_Prompt:_ Your copy should hold exactly the lines from the one containing "Ponytail Extensions, Long" through the last line of the entries, and no pictures.

_Exercise material:_
..........

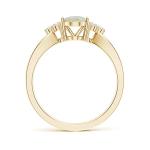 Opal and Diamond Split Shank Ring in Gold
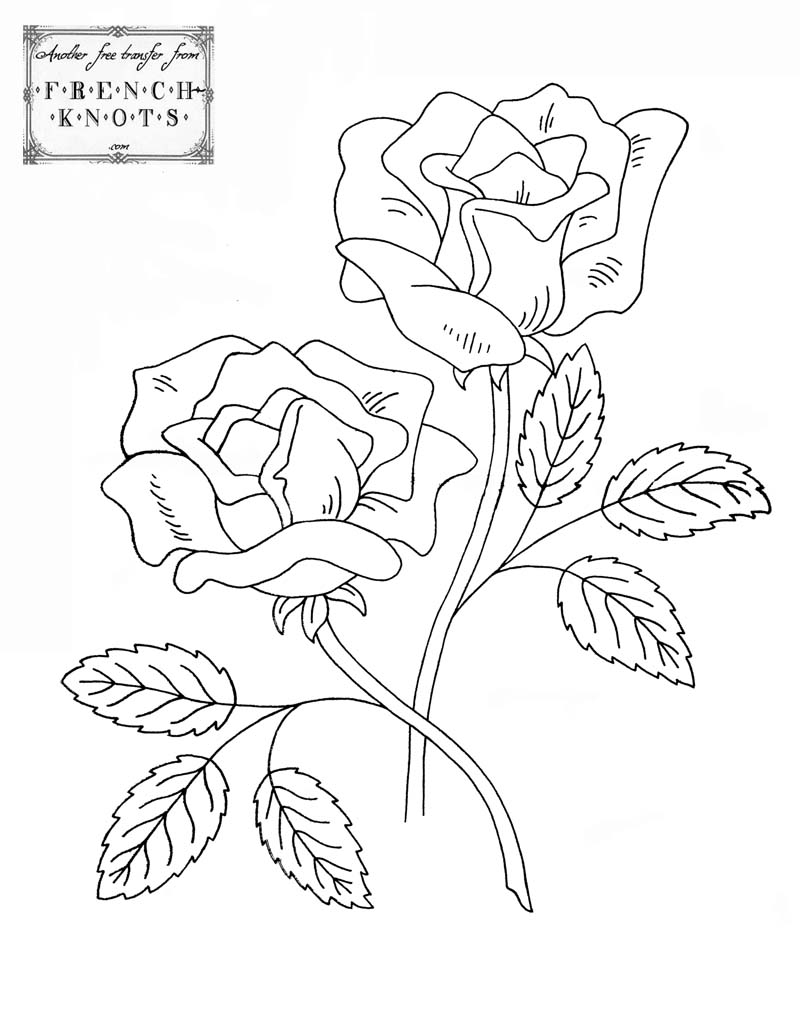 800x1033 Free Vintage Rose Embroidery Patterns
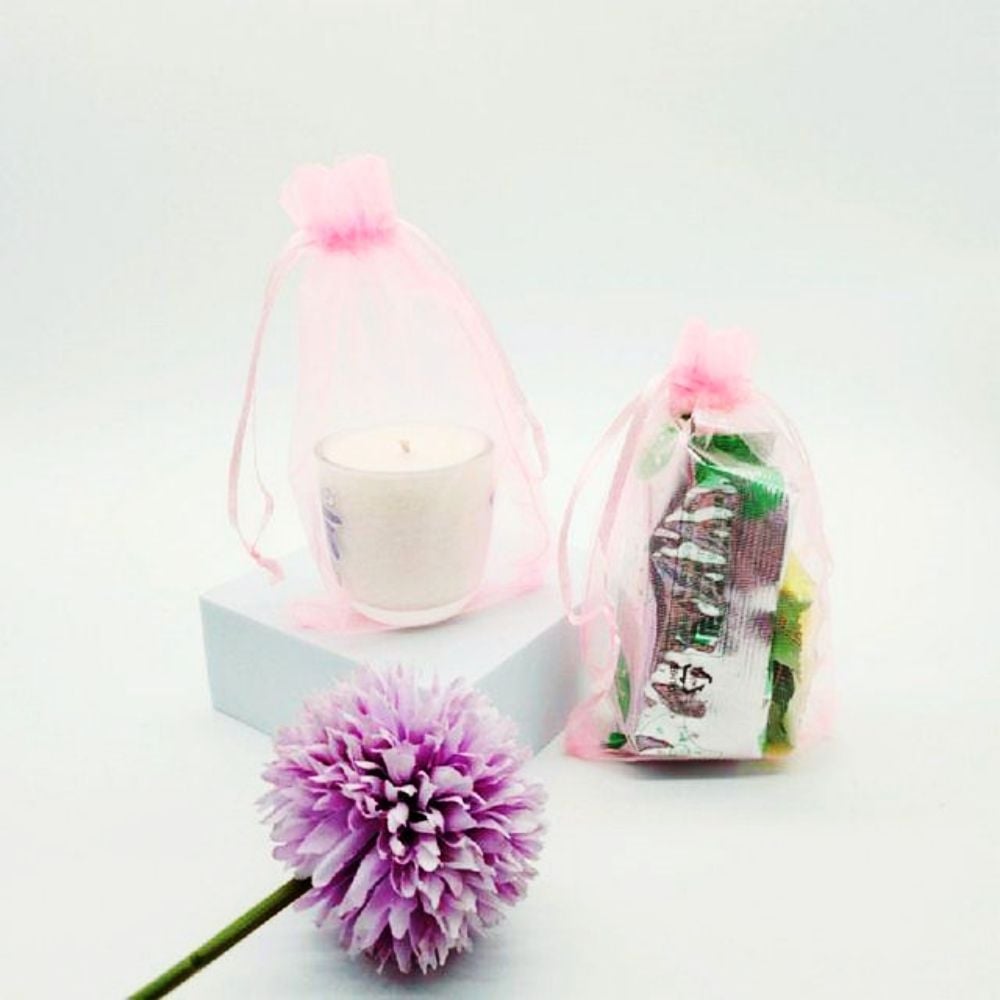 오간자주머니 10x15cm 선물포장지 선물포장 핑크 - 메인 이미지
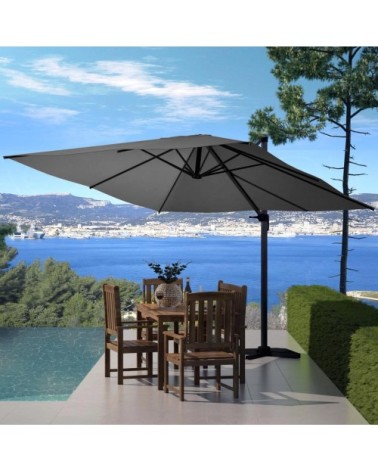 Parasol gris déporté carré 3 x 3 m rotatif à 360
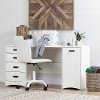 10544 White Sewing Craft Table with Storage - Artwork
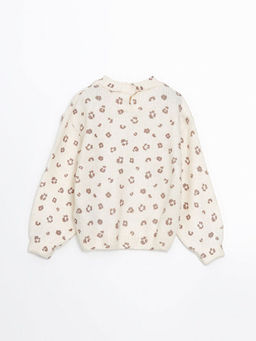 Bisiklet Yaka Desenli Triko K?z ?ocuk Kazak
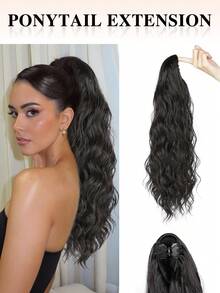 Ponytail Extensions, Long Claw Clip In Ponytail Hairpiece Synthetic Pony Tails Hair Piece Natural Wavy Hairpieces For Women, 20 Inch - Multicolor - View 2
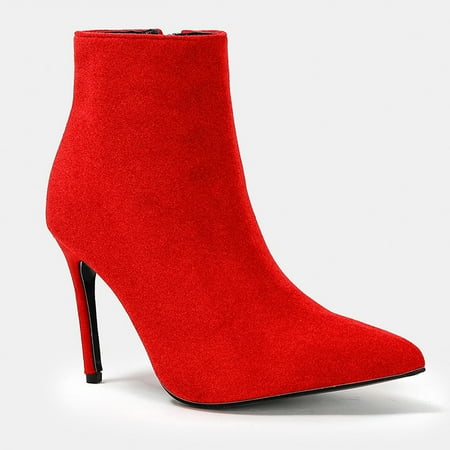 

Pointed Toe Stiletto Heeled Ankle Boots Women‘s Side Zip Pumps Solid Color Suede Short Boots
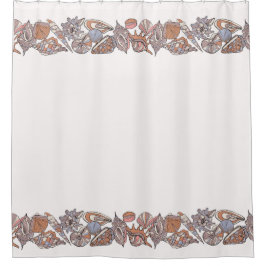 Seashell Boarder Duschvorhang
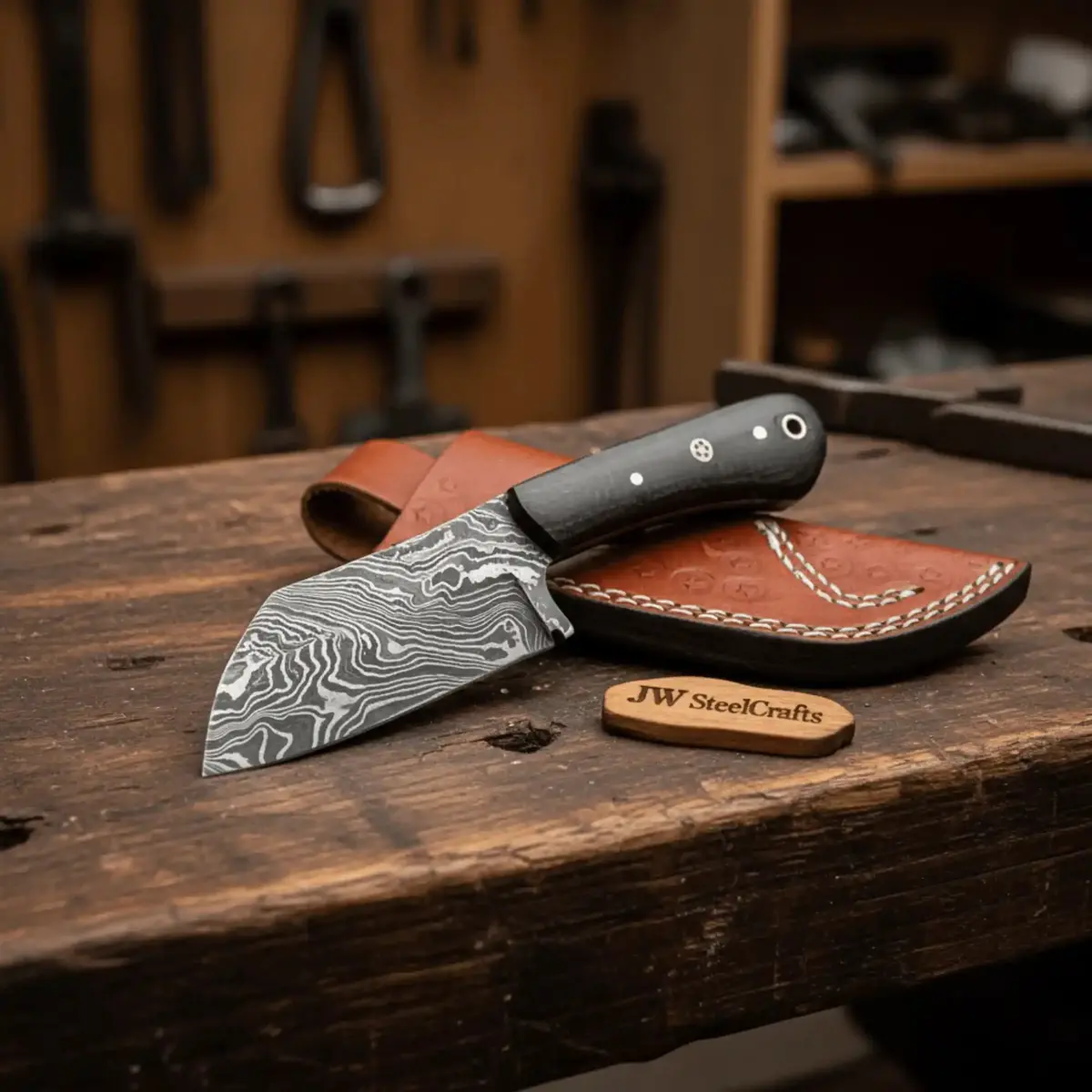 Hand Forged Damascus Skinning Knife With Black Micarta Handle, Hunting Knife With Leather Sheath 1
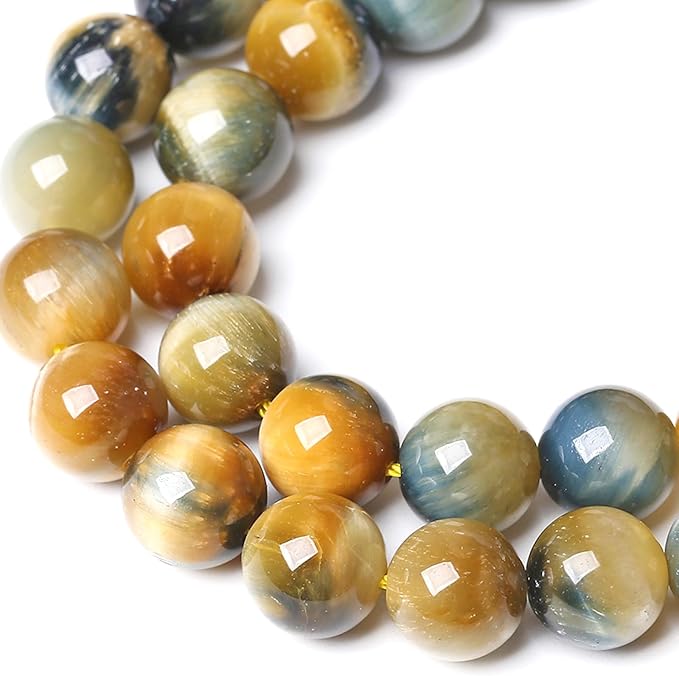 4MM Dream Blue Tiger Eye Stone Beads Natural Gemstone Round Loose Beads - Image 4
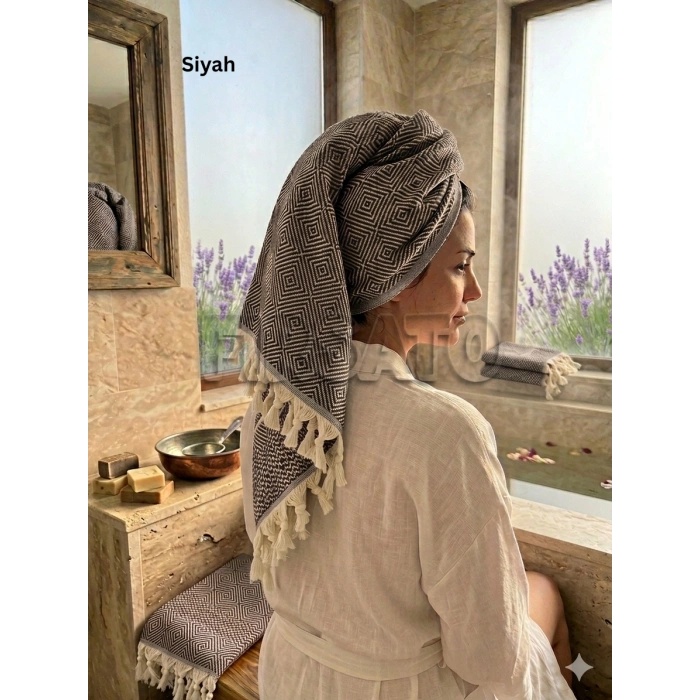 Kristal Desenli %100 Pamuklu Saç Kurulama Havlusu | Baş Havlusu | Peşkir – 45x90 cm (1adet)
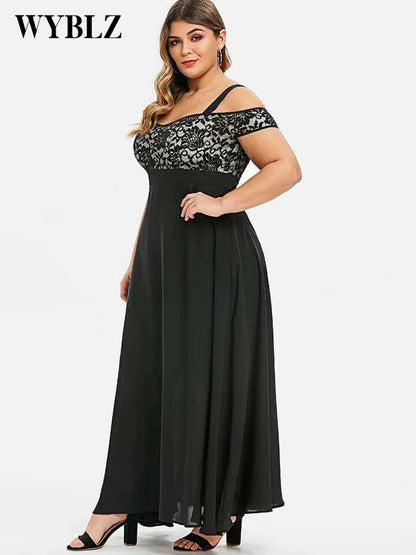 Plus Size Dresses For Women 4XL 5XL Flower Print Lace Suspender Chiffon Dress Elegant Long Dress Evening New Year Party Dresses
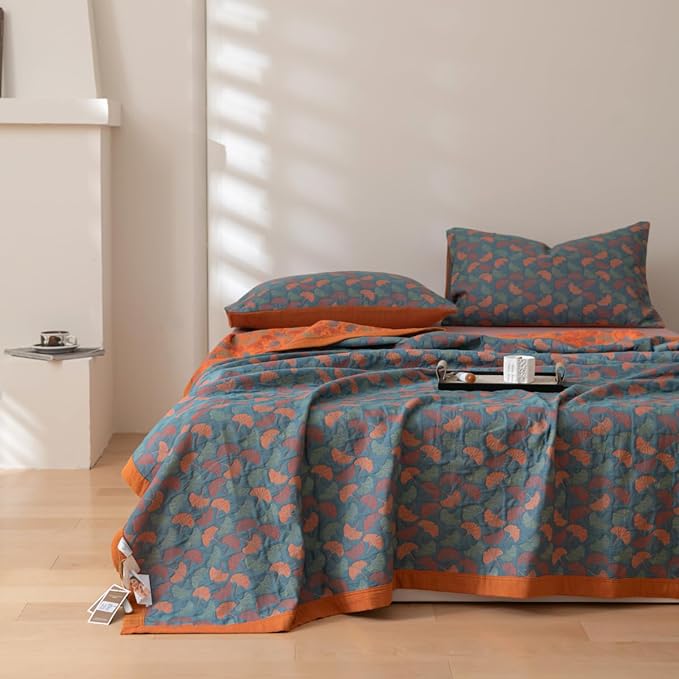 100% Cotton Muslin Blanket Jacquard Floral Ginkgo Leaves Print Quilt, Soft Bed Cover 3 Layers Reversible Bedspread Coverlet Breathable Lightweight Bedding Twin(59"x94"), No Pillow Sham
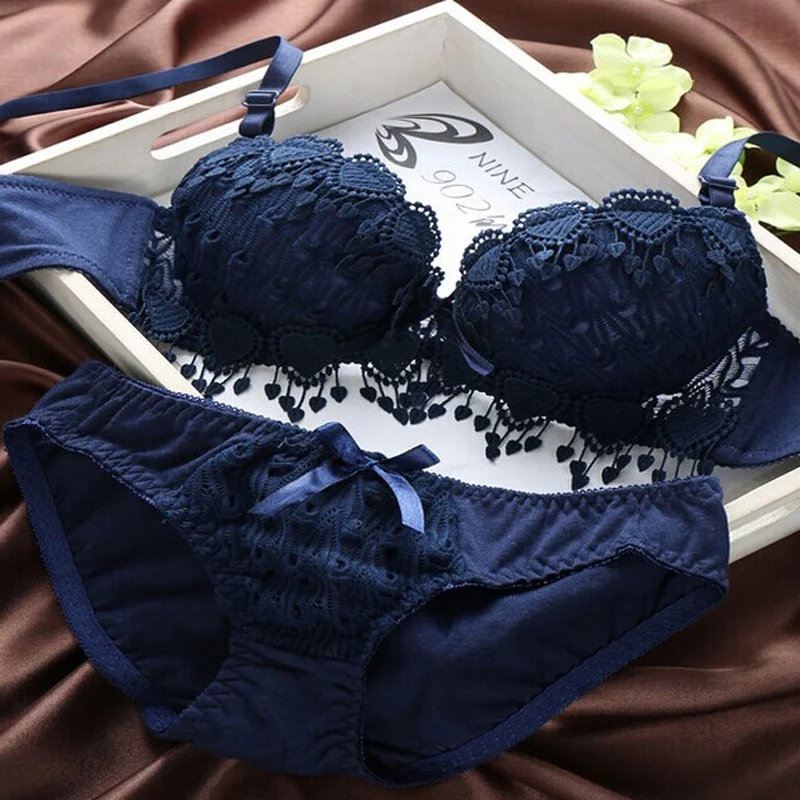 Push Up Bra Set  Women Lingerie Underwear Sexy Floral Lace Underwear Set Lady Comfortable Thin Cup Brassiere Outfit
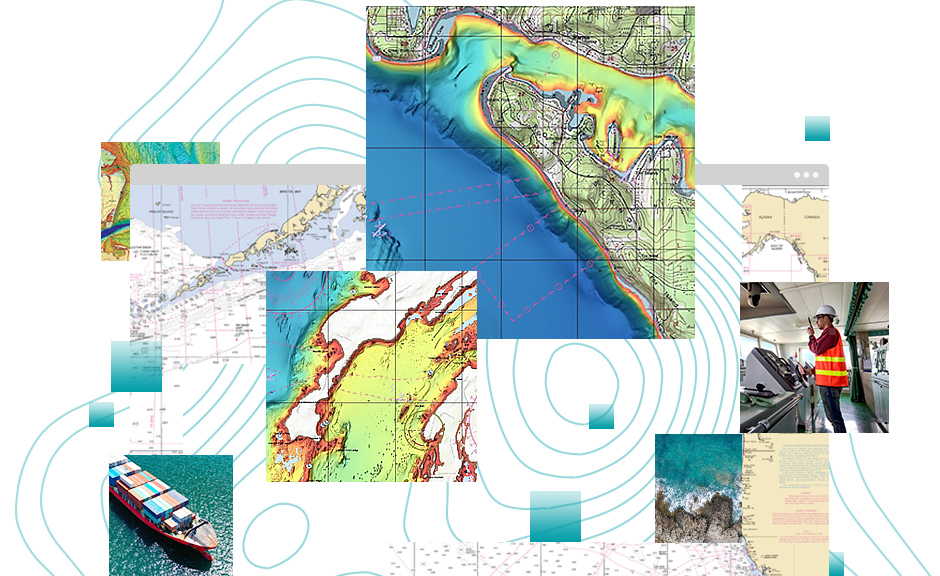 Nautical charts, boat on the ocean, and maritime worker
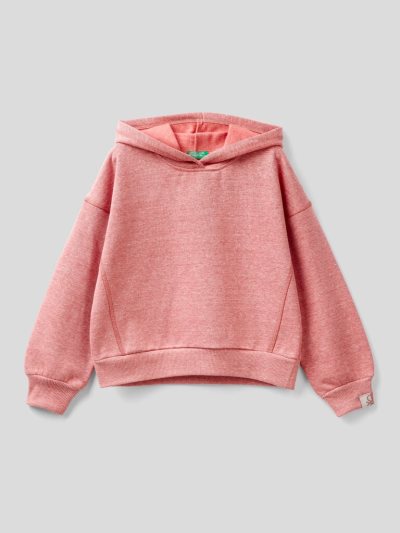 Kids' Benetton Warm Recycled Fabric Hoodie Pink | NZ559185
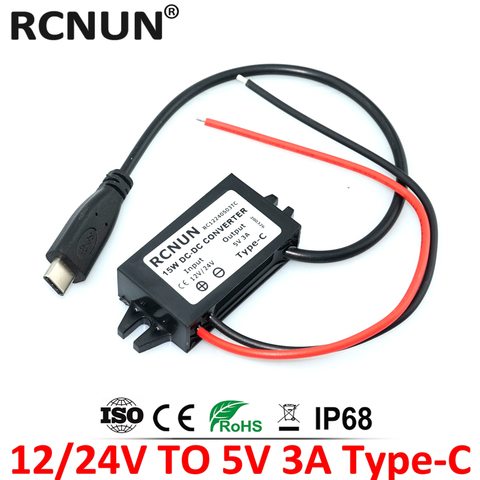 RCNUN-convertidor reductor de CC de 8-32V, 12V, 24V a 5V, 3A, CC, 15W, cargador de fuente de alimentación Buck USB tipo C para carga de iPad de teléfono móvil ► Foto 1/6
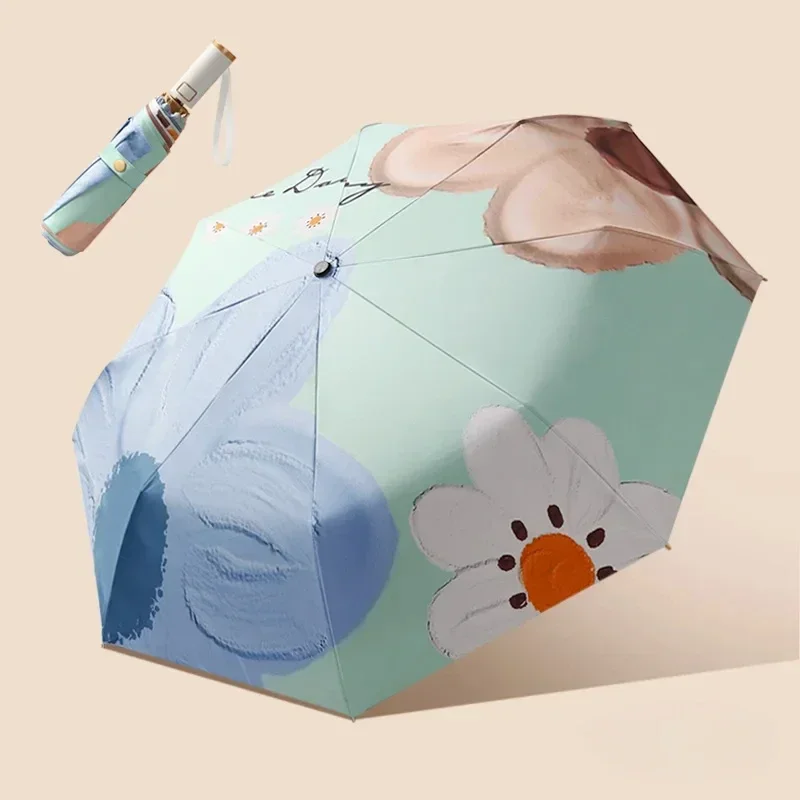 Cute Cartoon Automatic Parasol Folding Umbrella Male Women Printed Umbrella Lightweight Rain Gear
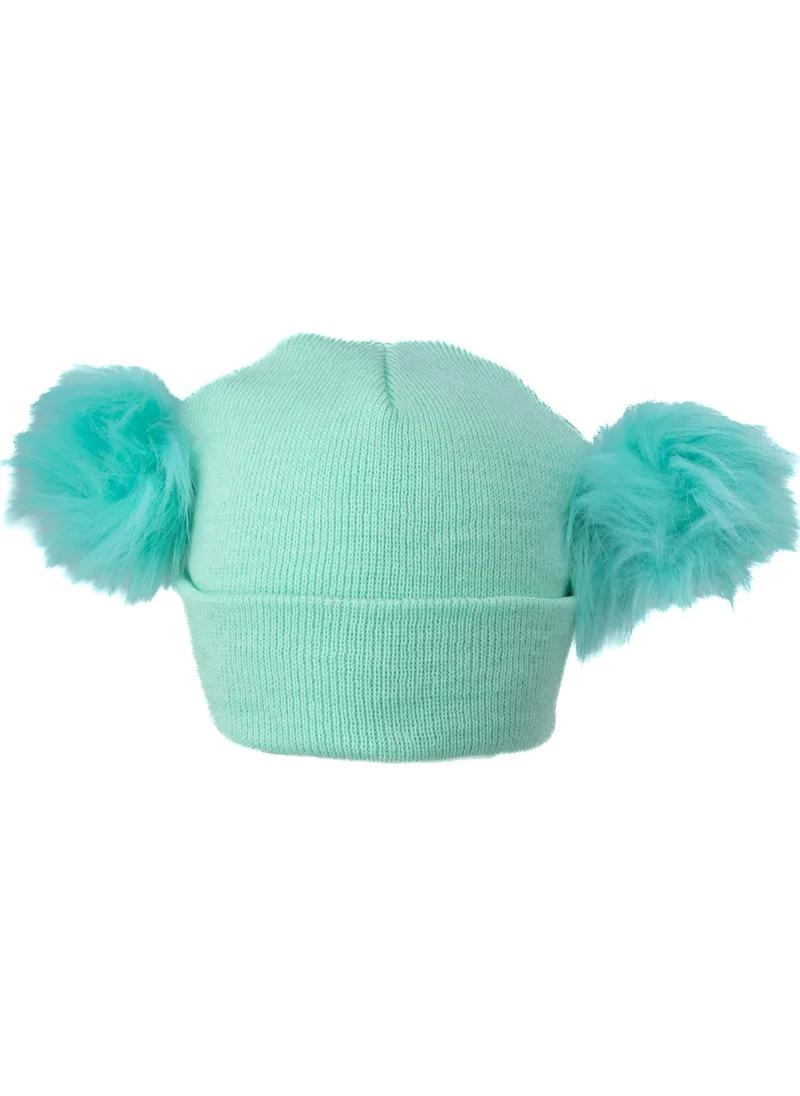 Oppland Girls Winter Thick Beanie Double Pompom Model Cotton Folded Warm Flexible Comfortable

..........

_Response:_
 Ponytail Extensions, Long Claw Clip In Ponytail Hairpiece Synthetic Pony Tails Hair Piece Natural Wavy Hairpieces For Women, 20 Inch - Multicolor - View 2

Pointed Toe Stiletto Heeled Ankle Boots Women‘s Side Zip Pumps Solid Color Suede Short Boots
 Seashell Boarder Duschvorhang
 Hand Forged Damascus Skinning Knife With Black Micarta Handle, Hunting Knife With Leather Sheath 1
 4MM Dream Blue Tiger Eye Stone Beads Natural Gemstone Round Loose Beads - Image 4
 Kristal Desenli %100 Pamuklu Saç Kurulama Havlusu | Baş Havlusu | Peşkir – 45x90 cm (1adet)
 Plus Size Dresses For Women 4XL 5XL Flower Print Lace Suspender Chiffon Dress Elegant Long Dress Evening New Year Party Dresses
 100% Cotton Muslin Blanket Jacquard Floral Ginkgo Leaves Print Quilt, Soft Bed Cover 3 Layers Reversible Bedspread Coverlet Breathable Lightweight Bedding Twin(59"x94"), No Pillow Sham
 Push Up Bra Set  Women Lingerie Underwear Sexy Floral Lace Underwear Set Lady Comfortable Thin Cup Brassiere Outfit
 Nautical charts, boat on the ocean, and maritime worker
 Kids' Benetton Warm Recycled Fabric Hoodie Pink | NZ559185
 RCNUN-convertidor reductor de CC de 8-32V, 12V, 24V a 5V, 3A, CC, 15W, cargador de fuente de alimentación Buck USB tipo C para carga de iPad de teléfono móvil ► Foto 1/6
 Cute Cartoon Automatic Parasol Folding Umbrella Male Women Printed Umbrella Lightweight Rain Gear
 Oppland Girls Winter Thick Beanie Double Pompom Model Cotton Folded Warm Flexible Comfortable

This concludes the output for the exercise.